The problem filebeats didnt pick up any of their logs while the non-problem filebeats do pick up theirs.
I'm not really sure how the kubernetes autodiscover provider picks up on these log files.

Have you looked at this option? https://www.elastic.co/guide/en/beats/filebeat/6.5/filebeat-input-log.html#filebeat-input-log-scan-frequency
I looked at it, but it is still on the default. I'll try fiddeling with it, but dont really see how this'll help.

Is it possible that input files are rotated or removed in some fashion so Filebeat misses those?

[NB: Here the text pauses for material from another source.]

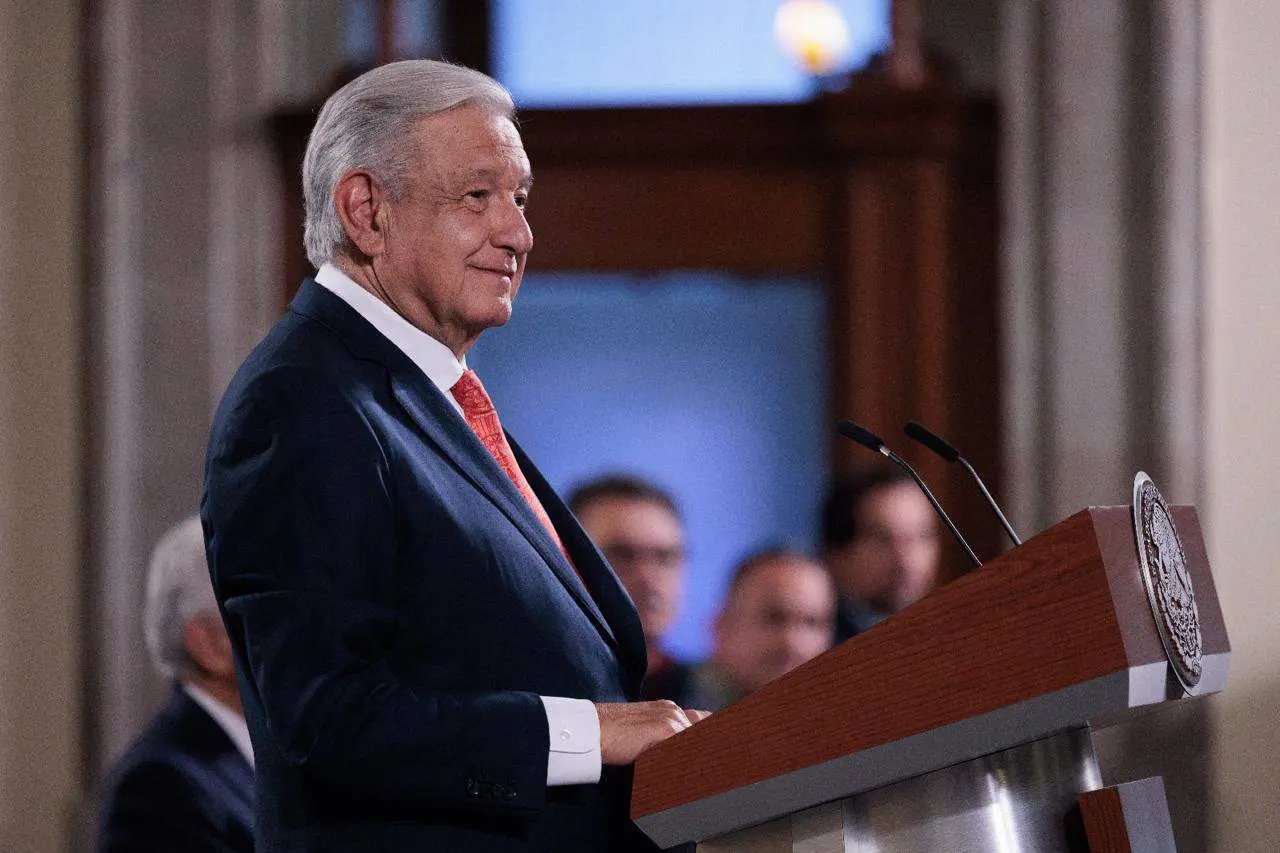 Andrés Manuel López Obrador, presidente de México.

If yes, you could try to decrease scan_frequency , quick file changes does not interfere with log collection.

These are our docker log-opts:
--log-opt max-size=50m --log-opt max-file=5
Rotation happens rather slowly.

9

What is the behaviour of filebeat If it tries to read the log files, but the fs is really slow?
Does it print errors on timeout?

10

This topic was automatically closed 28 days after the last reply. New replies are no longer allowed.